周府门口挂着白幡,大门紧闭。秦川在燕七疑惑的眼神中上前击了击房门,而后看见个腰间系着白带的门子,探出头来,上下打量了秦川一眼。似乎并不记得她了。
“我是周将军的义子,锦衣卫副指挥使秦川。刚去梁地办事回来,前来拜见夫人和公子。”一听见秦川两个字,门子的眼睛立时睁大了些许,狐疑地往秦川面上看了看,但半点也看不出个究竟来。
秦川一看门子这模样,就知道他就算见过自己也记不住。故而掸了掸身上的飞鱼服,故意露出绣春刀来,把缠了红缨的刀柄在他面前晃上一晃。
果然,这门子一见绣春刀便虚了两分,点头哈腰地退了两步,开门让出一条道来。就算这位陌生的军爷是故意说谎骗自己开门,但这身衣服和刀却是骗不了人的。他们府里现在得罪不起锦衣卫,自然不敢一直堵着门不让人进来。
秦川见门开了,一招手带着燕七大摇大摆地往里走。倒是门子关上门后,伸手往一旁摸了个白色的麻布带子来,犹犹豫豫地走上前,递了过去,“我们老夫人刚刚过世,大人怕是不曾听闻。”
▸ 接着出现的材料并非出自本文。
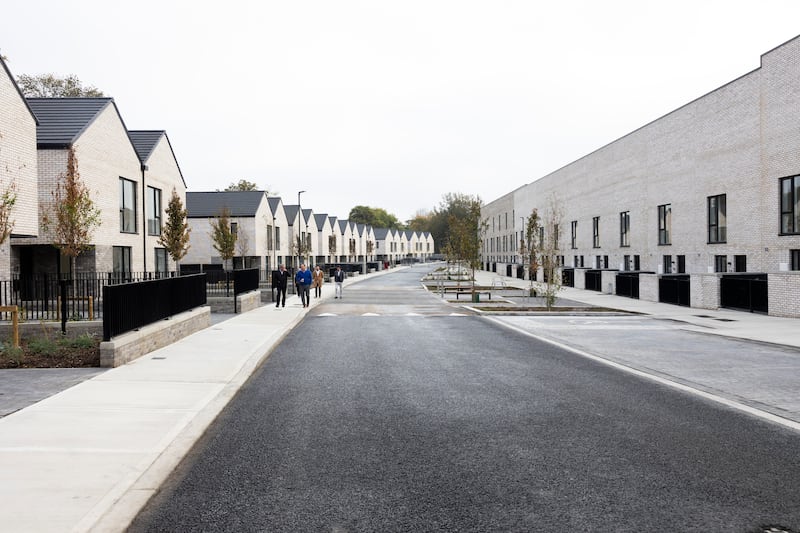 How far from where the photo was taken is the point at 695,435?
714 centimetres

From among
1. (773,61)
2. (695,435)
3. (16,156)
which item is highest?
(773,61)

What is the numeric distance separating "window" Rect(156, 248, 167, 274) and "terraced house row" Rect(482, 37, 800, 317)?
22.1 metres

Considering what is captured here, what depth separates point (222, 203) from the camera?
53531mm

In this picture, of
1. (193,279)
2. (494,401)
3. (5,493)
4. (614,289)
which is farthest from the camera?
(614,289)

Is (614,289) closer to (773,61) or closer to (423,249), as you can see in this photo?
(773,61)

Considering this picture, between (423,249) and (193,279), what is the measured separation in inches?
6675

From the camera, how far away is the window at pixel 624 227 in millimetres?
42938

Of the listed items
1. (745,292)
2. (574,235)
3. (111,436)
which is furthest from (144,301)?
(574,235)

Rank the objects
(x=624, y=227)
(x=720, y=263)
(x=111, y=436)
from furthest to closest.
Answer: (x=624, y=227)
(x=720, y=263)
(x=111, y=436)

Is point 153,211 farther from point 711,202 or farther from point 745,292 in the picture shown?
point 711,202

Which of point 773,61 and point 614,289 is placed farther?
point 614,289

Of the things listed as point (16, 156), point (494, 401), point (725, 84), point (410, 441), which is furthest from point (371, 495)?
point (725, 84)

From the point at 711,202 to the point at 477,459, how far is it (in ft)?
100

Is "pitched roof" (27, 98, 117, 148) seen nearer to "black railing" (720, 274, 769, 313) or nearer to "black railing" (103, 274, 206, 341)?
"black railing" (103, 274, 206, 341) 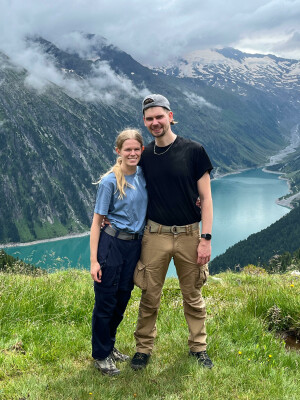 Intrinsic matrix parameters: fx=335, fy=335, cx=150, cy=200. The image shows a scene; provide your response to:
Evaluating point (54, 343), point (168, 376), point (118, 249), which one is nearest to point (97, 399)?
point (168, 376)

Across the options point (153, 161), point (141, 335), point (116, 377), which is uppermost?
point (153, 161)

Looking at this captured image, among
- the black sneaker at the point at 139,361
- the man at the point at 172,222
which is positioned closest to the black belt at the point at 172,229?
the man at the point at 172,222

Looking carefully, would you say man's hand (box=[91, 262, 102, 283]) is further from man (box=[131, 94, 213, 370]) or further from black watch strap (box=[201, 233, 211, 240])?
→ black watch strap (box=[201, 233, 211, 240])

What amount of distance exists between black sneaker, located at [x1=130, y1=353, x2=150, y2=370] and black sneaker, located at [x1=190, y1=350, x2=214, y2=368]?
2.72 feet

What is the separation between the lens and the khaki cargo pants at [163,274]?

门子不敢管锦衣卫一身艳色,就这还是颤颤巍巍,生怕惹怒了秦川。倒是秦川想起刚才在外头看见的白灯笼,脚步一停,也不急着进去,转头问了句,“老夫人去了?什么时候去的?是什么病?明明前些日子还硬朗得很。”
“回大人的话,老夫人是七月十四晚上走的。前一天还不曾听说有什么病痛,第二天一早人就没了。不过是睡梦里走的,很是安详,没受什么苦楚。”门子这话也答顺了,腰一弯,答得也利索。倒是秦川听着这日子,想起自己出京之后的第一天,若有所思地看了看他。
“原来如此。倒是我知道的晚了。”秦川略一思索,便觉得这事儿和自己恐怕有些关联。但她也没多说,依旧叫了个下人领着,直接去正堂见过夫人和公子周柏。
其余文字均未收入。